One such emerging “collective,” Mt. Pleasant, Michigan’s Anathallo, emphasize as much in their bio. Their write-up is adrift in the details: the broken-down vans, eating sandwiches in parking lots and playing their music to strange crowds every night, though they could be describing the experience of any band lured by the romance of the road. This might seem random speculation to introduce an album, but it’s important to understanding Anathallo, who have been called since the release of Floating World, among other things, “pretentious” about four thousand times. There’s an awful lot to take shots at here, especially if one spends too much time looking at the band through the prism of the aforementioned Microsoft commercial – the collective as a microcosm of some vastly interconnected network of indie individuals. It’s the concept that seems pretentious; Anathallo are just a band, albeit a large one, who are making pretty, powdered-sugar music for band geeks.

Much of Floating World is beautiful, straightforward emo-rock that vacillates on hushed melodies punctuated by outbursts of emotions and percussion. Though many reviewers are, perhaps rightly, concentrating their collective wrath on the album’s more fiery moments, what distinguishes Anathallo is their restraint. Where some of the “collectives” named above are known for their exhibitionist catharsis, Anathallo’s debut hangs back, placing as much emphasis on hand percussion as they might a band-wide chant. A single shaker could define a song, though the band stands by with barely-contained potential for ruckus. It’s not in cutting loose that Anathallo’s chops are made obvious, but in the measure of their self-control. This is a band that knows that some of the most musical moments are those that occur between the beats and sonority.

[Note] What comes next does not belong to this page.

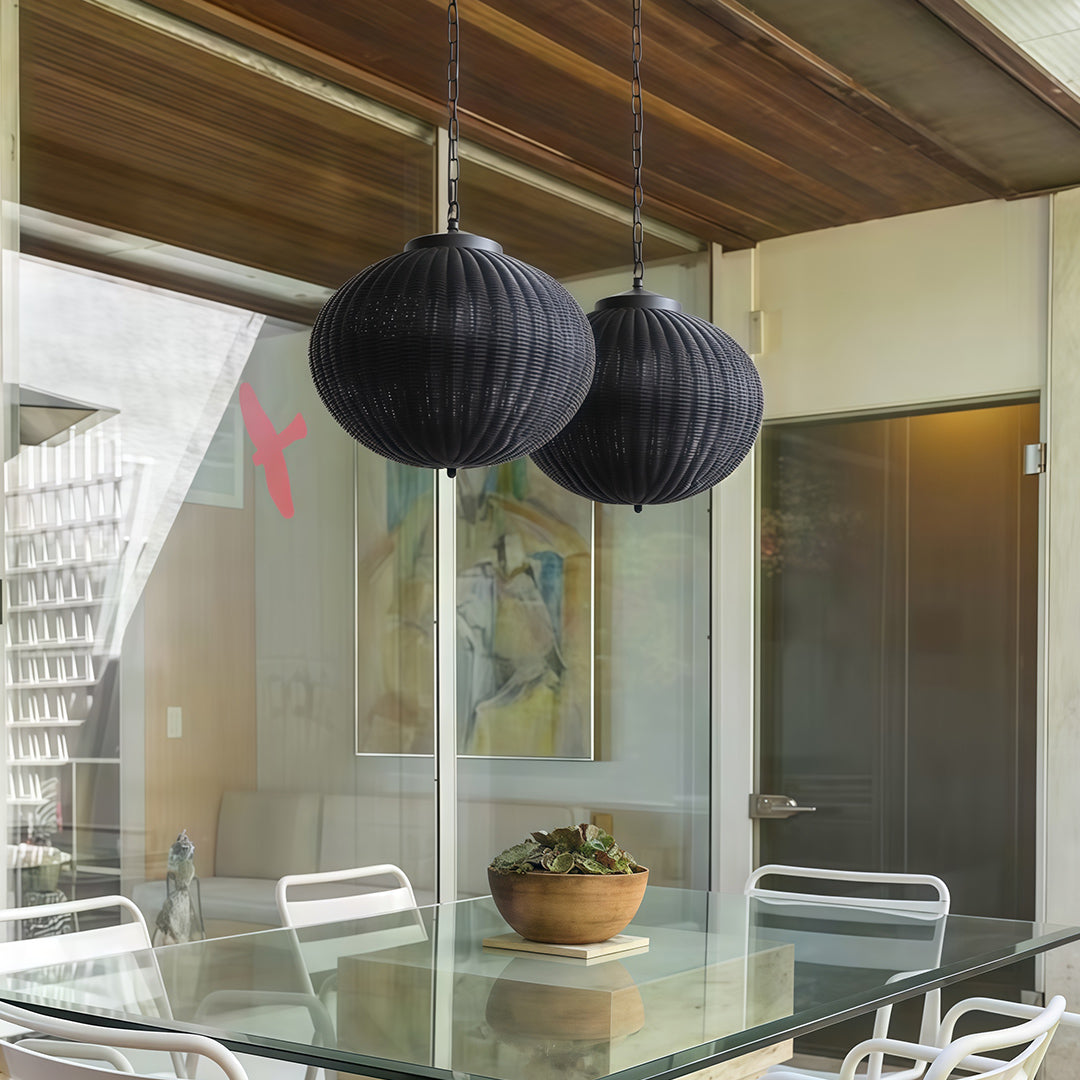 Set of black woven pendant lights hanging over a poolside, enhancing the modern outdoor space.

The album’s weaker moments come when the band strays towards the easy rock-out. “Hoodwink” is populated with interesting and beautiful moments, including accumulative percussion, horns, chants, a fleeting xylophone, delay-soaked guitar, shifting time signatures and a gorgeous climax, but it’s most often the opening moments’ straight 4/4 drum beat and heart-on-sleeve vocal melodies that mislead the listener into thinking that Anathallo are nothing special. By contrast, the anti-linear “Bruised Reed,” with its Tom Waits horns and determined build-up, or four-song “Hanasakajijii” cycle, belie Anathallo’s true, accomplished and unapologetically sincere nature. Album closer “Kasa no Hone” centers a vocal melody with unmemorable directness where most of the album wanders in the wonderland of its own musical creations.

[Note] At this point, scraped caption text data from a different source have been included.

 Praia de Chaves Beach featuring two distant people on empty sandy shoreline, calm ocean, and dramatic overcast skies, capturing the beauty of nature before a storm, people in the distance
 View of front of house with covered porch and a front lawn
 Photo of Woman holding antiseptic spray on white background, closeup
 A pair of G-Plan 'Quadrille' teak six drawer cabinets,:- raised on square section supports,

Floating World is not the statement that some will look for in something as open-concept as a “collective,” but more a band with their scope broadened. Floating World simply plays with the sonic possibilities of more instruments. That the album isn’t as cathartic as Anthallo’s fellow “collectives” simply means that, against the ebbs and flows of Microsoft’s manufactured vision, the band is as true to the tradition of unhurried, deliberate songwriting as they are to the tradition of eating sandwiches in parking lots with seven of your best friends, wondering how to pay for gas.